On 9/7/06, Neville Burnell <[EMAIL PROTECTED]> wrote:
> Thanks for your email Dave,
>
> I've thought about this overnight, and I've got a few questions please.
>
> > When you open an IndexReader on the index it is opened up on
> > that particular version (or state) of the index
>
> Would you elaborate on how Ferret manages versions please. For example,
> can I have two readers open, one which accesses the old version of the
> index, and the second which accesses the latest version?

When  you open an IndexReader it opens all the files that it needs to
read the index and it keeps all of the file handles. Even after the
index is updated and those files are deleted they are not actually
freed by the operating system. If you then open an IndexReader on a
later version it holds file handles to all the files needed for that
version. So the answer is yes, you can have multiple IndexReaders open
on an index at the same time, all reading different versions. Each
version of the index has an internal version number and there is an
IndexReader#latest? method to determine if the version of the index
that you are reading is the current version.

> > So to keep searches up to date you need to close and reopen
> > your IndexReader every time you commit changes to the index.
>
> I guess by reopen you mean IndexReader.new ?
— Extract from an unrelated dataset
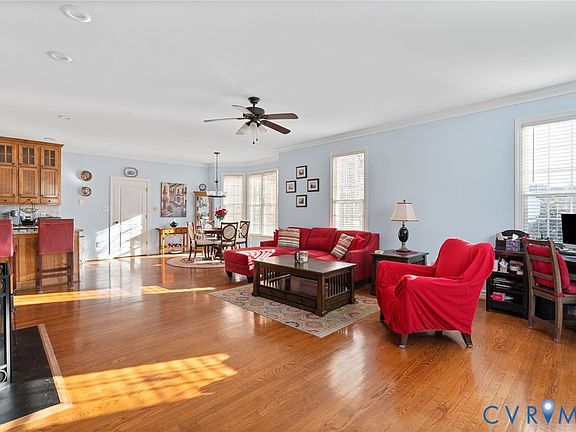 2nd image of 300 Lighthouse Point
That's correct. Don't forget to close the old IndexReader. That
garbage collector will do this for you but IndexReaders hold a lot of
resources so it's best to close them as soon as you no longer need
them.

> I proceeded to replace my Index usage with an IndexReader and Searcher
> which are closed and recreated after each IndexWriter pass, and the
> result seems to be that searches are still serialised - ie, a long
> running query on thread t1 "blocks" the normally very fast query on
> thread t1.
>
> Might I be seeing another point of synchonisation, or am I just
> observing a characteristic of ruby threads ?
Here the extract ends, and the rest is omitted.